When they are cut, you need to look through your branches and remove any leaves that look like something you wouldn't want to eat (buggy, dirty, damaged...). Find a dry, out of the weather place to hang them up.

I hang branches on chicken wire in my barn. The cut ends of the branches can be weaved into the holes of the wire. Depending on temperature and humidity, it can take as little as a week or up to a month for the leaves to dry enough for the next step.

Making Filé - Stripping and Crushing Dried Leaves

Once the leaves are dry and brittle enough that they shatter into pieces when crushed in your hands, you're ready to strip the leaves. Remove them from the branches, and crush them up into coarse pieces. As you go, you should remove any twigs and leaf stems you find, as these items won't grind up very well later.

These dried leaves can be stored in this form for processing later, or they can be taken directly to the next step. Storing the crushed leaves can be done in a zipper seal bag, since the air can be mostly pressed out before sealing it up.

Making Filé - Grinding Dried Leaves

I use a mortar and pestle to grind the leaves. I suppose you could use a food processor, to do this, but to me there's something satisfying about watching (and participating in...) the transformation from bright green leaf fragments to the olive green sweet smelling powder.







Start by filling the mortar about half full with crushed leaves.







Use the pestle to break down the fragments into a bit smaller pieces.







Then start rotating the pestle around in circles in the bottom of the mortar.





The transformation takes less than a minute after you get the feel for it. Not many people have had the experience of using a mortar and pestle before, and it takes a bit of getting used to.

Once you have a batch of pulverized leaves, dump it out into a container of some sort and start over. Repeat the process until you have all of your leaves ground (or until your hands are tired!)

The finished product can be stored in a clean empty spice jar, or some other airtight container



Using Filé

To me, filé doesn't necessarily ADD flavoring to soups and stews, as much as it ENHANCES the flavor of what's already there. Keep in mind that is should be added at the end of cooking, after the pot is removed from the heat. There are two different schools of thought about how to use it. First is to add it directly to the pot. This is the one that I subscribe to. Add it at a rate of about 1 tsp per half gallon - give or take.

The other approach is to put it in a shaker and let folks add it to their taste.

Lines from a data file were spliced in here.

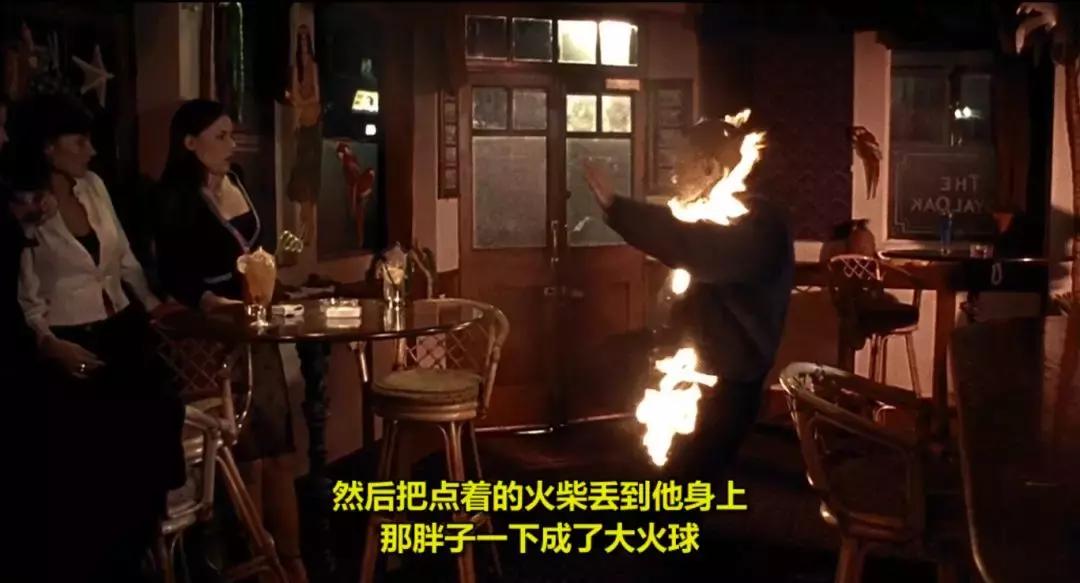 扒一扒那些三观奇葩的电视剧,扒一扒电影中的那些奇葩球迷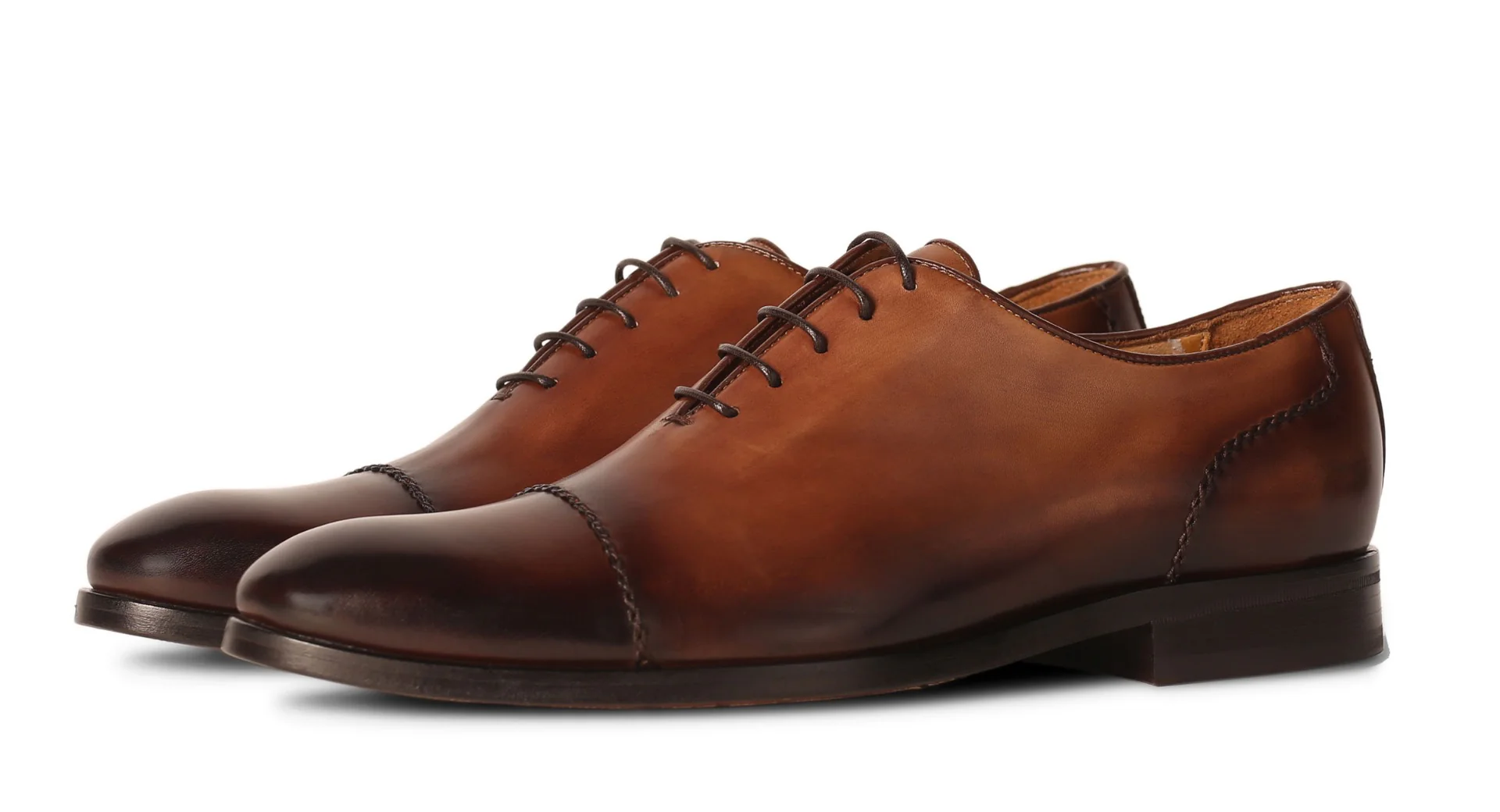 Onte Dark Tan - Image 5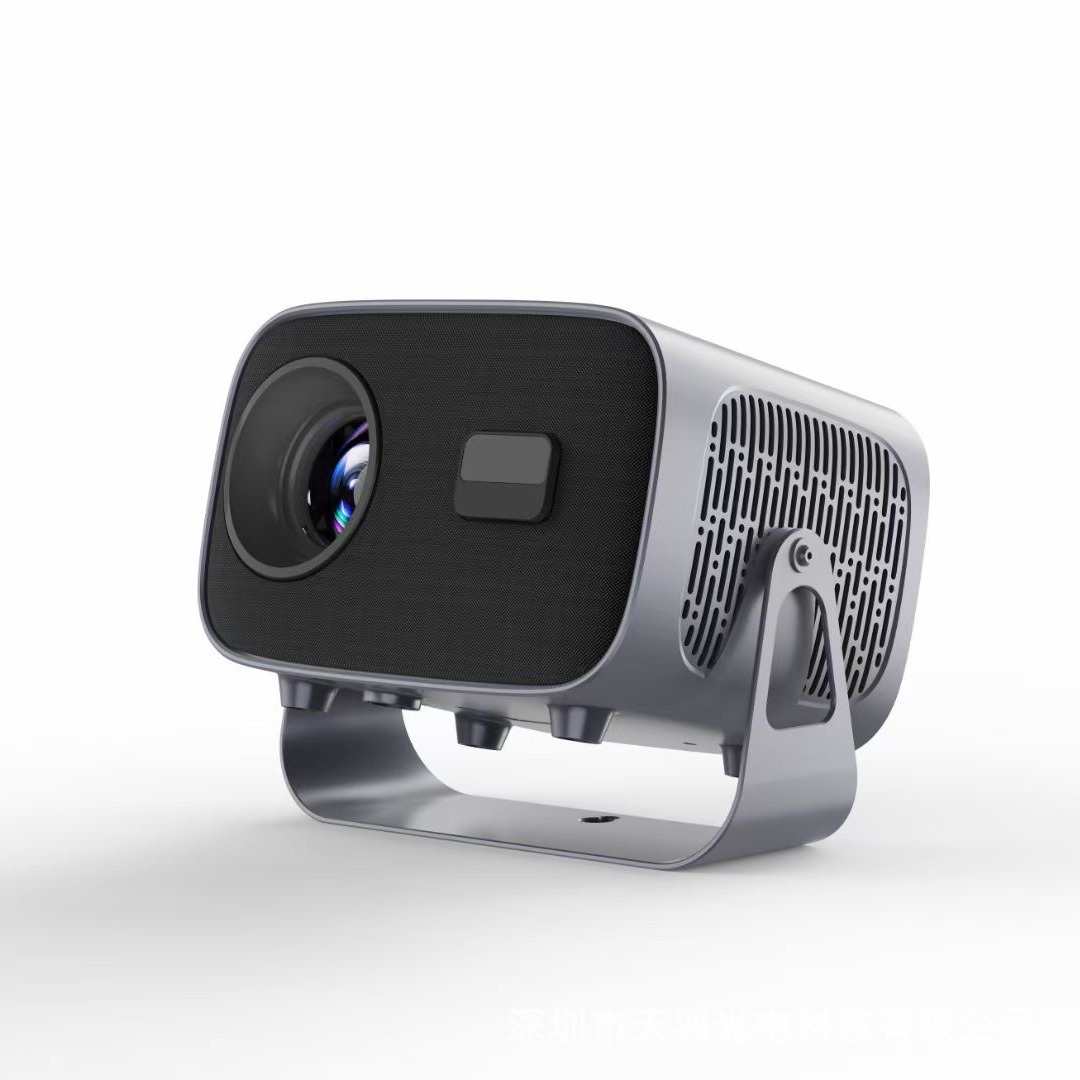 YG300 smart mini proyektor 4K maʼlumot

Problem with that is most people outside of Southern Louisiana would have no idea as to how much to add, or in many cases even what filé is. Some might be a bit uneasy about stirring green powder into their dinner. Add it yourself, let your family or guests try it. THEN tell them what it is after.


Making your own filé at home is another way to extend your knowledge of self sufficiency. Give it a try and see for yourself.